Seitdem sei den Algeriern schon vor der Wahl klar, wer am Ende Präsident werde, sagt der politische Analyst und frühere Abgeordnete Mustapha Bouchachi. "Wir haben keine Wahlen. Das Regime entscheidet, wer Präsident wird, und bittet dann die Menschen, das abzusegnen." In Algerien entscheide "le pouvoir - die Macht". Wer zu dieser Klasse aus Clans, Militärs und einflussreichen Personen gehört, ist vielen Beobachtern unklar.

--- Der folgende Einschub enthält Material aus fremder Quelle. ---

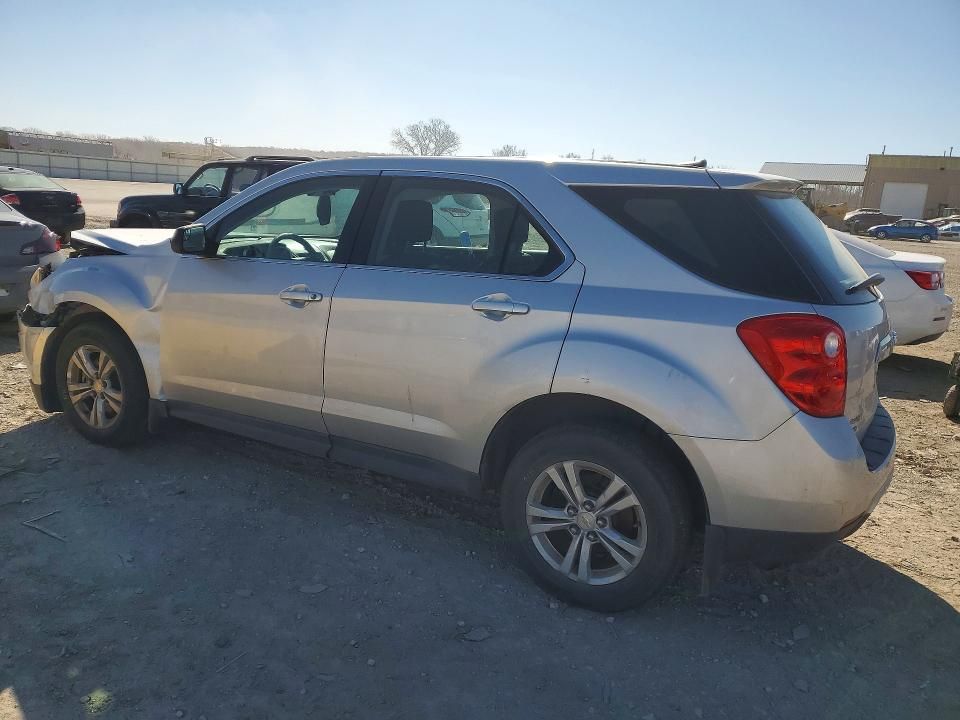 2012 Chevrolet Equinox ls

Mit der Entscheidung, Bouteflika erneut kandidieren zu lassen, habe "le pouvoir" einen großen Fehler gemacht. "Jeder im Land weiß, dass Bouteflika nicht mehr in der Lage ist, die Geschäfte zu führen", sagt Bouchachi. "Die erneute Kandidatur sehen viele Algerier jetzt als Demütigung an."
Seit sechs Jahren habe sich Bouteflika nicht mehr an sein Volk gewandt. Der gesundheitlich angeschlagene Staatschef tritt auch sonst öffentlich kaum noch in Erscheinung. Seit einem Schlaganfall 2013 sitzt der 1937 geborene Bouteflika im Rollstuhl. Immer häufiger sagt er politische Treffen und öffentliche Auftritte ab. Am Sonntag hätte er eigentlich die neue Große Moschee von Algier einweihen sollen. Aber er müsse zu medizinischen Untersuchungen nach Genf reisen, teilte der Präsidentenpalast kurz vorher mit. Auch die Reise von Bundeskanzlerin Angela Merkel wurde im Frühjahr 2017 spontan abgesagt, als ein Teil der Delegation schon in Berlin am Flughafen war.
Die Beziehungen zwischen Berlin und Algier sind gut. Deutschland liegt international auf Platz fünf bei den Einfuhren aus Algerien. Die Bundesrepublik importiert vor allem Öl und Erdgas. Im Gegenzug liefert Deutschland Maschinen und Autos - und Rüstungsgüter. Algerien ist der beste Abnehmer der deutschen Rüstungsindustrie.
Trotz der wirtschaftlichen Probleme Algeriens, der hohen Arbeitslosigkeit und der Unzufriedenheit der jungen Generation blieb das Land unter Bouteflika nach außen hin relativ stabil. Die bisherigen Wahlen liefen nach gut eingespieltem Muster, wie in einer von Wikileaks veröffentlichten Nachricht der amerikanischen Botschaft in Algier schon 2009 nachzulesen war.
"Zu niemandes Überraschung ist Präsident Abdelaziz Bouteflika zu seiner dritten Amtszeit gewählt worden", hieß es in dem als "vertraulich" eingestuften Bericht. Bouteflika gewann damals mit 90 Prozent der Stimmen, und schon damals war das alles dominierende Thema die Perspektivlosigkeit der Jugend.
Die US-Botschaft spricht dann auch von einer "sorgsam choreographierten und stark kontrollierten Wahl". Im Volk machte sich immer mehr Resignation breit. Bei den letzten Parlamentswahlen vor zwei Jahren gingen gerade einmal 38 Prozent zur Wahl - nach offiziellen Angaben.
Aber die Zeit der Lethargie ist vorbei. Premierminister Ahmed Ouyahia hatte, um den Protest einzudämmen, die Forderungen der Demonstrationen dann auch als legitim bezeichnet. Der richtige Ort, sagte der Premier, sei aber die Wahlurne. An die glaubt jedoch kaum noch jemand in Algerien. "Alle vereint", hieß es im Vorfeld der Freitagsdemonstrationen in einem Aufruf des Bündnisses Mouwatana. "Wir marschieren, um unsere Souveränität zurückzubekommen."